Consigned inventory is an inventory management strategy that allows businesses to keep merchandise in their possession but not take ownership until the merchandise is sold. This approach offers a range of benefits for businesses of all sizes and across a variety of industries. In this chapter, we will explore in detail what consigned inventory is, how it works and the advantages and disadvantages of this model.
What is consigned stock?
Consigned inventory is an arrangement in which the supplier retains ownership of the products but allows the retailer to store and sell them. The retailer pays the supplier only for items sold, and any unsold items can be returned at no charge. This can be extremely beneficial to the retailer as it reduces the financial risk associated with purchasing large quantities of stock.
How does consigned stock work?
The consigned inventory process begins when the supplier and retailer agree on consignment terms. This usually includes details about the price of the items, the amount of stock to be supplied, and the length of time the retailer can hold the items before returning them.

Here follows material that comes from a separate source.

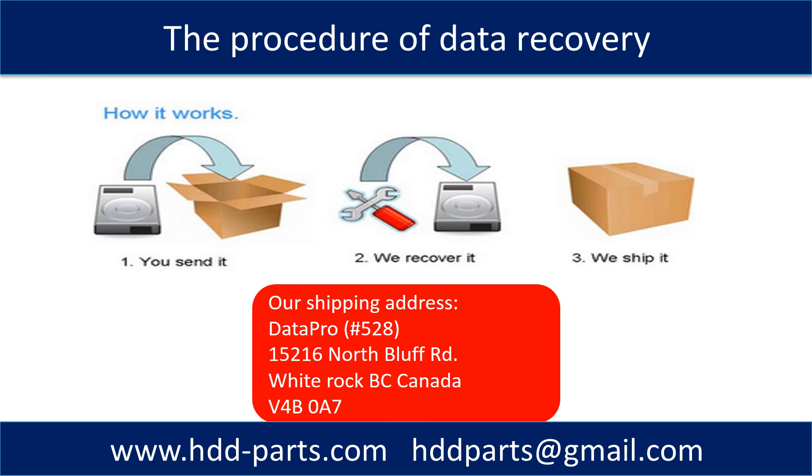This picture shows the procedure of how we do data recovery for our clients. First, the client sends their hard drive to us. Second, we do data recovery. Third, we ship the data back to our clients.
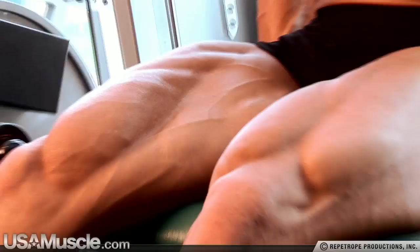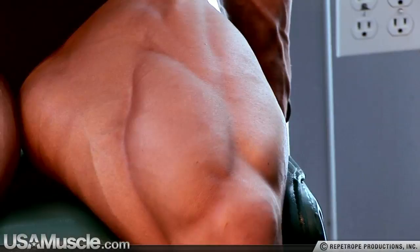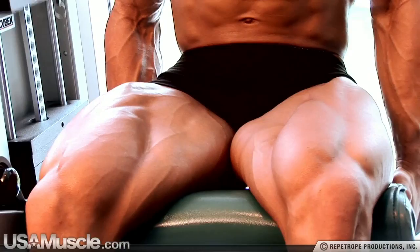Towards the end of my workouts, I'll get those burnout sets in just to finish that muscle off. I lift my heaviest core movements in the beginning, and at the end I'll do the light burnout sets, just to smoke all those stubborn muscle fibers.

Once the agreement is established, the supplier sends the inventory to the retailer, who stores it and offers it for sale. The retailer monitors sales and reports to the supplier which items have been sold. The supplier then invoices the retailer for the items sold and the retailer pays the supplier. Any item not sold after the agreed period of time may be returned to the supplier at no cost to the retailer.
Advantages of consigned stock
There are several advantages to using consigned stock. First, it reduces risk for the retailer. Since they only pay for the items they sell, they don't have to worry about investing in inventory that might not sell. This can be particularly useful for high-cost items or for items that are difficult to predict demand for.
Second, consigned inventory can improve a retailer's cash flow. Since they don't have to pay for inventory until it's sold, they can use that money for other areas of their business. Additionally, because unsold items can be returned, the retailer isn't stuck with excess inventory.
Third, consigned inventory can allow retailers to offer a wider range of products. Because they don't need to purchase inventory upfront, they can be more flexible in terms of what products they offer.
Disadvantages of consigned stock
While consigned inventory offers several advantages, there are also disadvantages to consider. One of the main disadvantages is that the retailer does not have full control over inventory. Since the supplier still owns the products, they can decide to withdraw the products at any time. This can be problematic if the retailer relies heavily on these products for its sales.
Additionally, consigned inventory can be more difficult to manage than traditional inventory. The retailer needs to keep accurate records of which items have been sold and which are still in stock. They also need to coordinate closely with the supplier to ensure invoices are paid in a timely manner and unsold items are returned.
In conclusion, consigned inventory is an inventory management strategy that offers several advantages, but it also has its disadvantages. It's important for businesses to carefully consider these pros and cons when deciding whether consigned inventory is the right choice for them.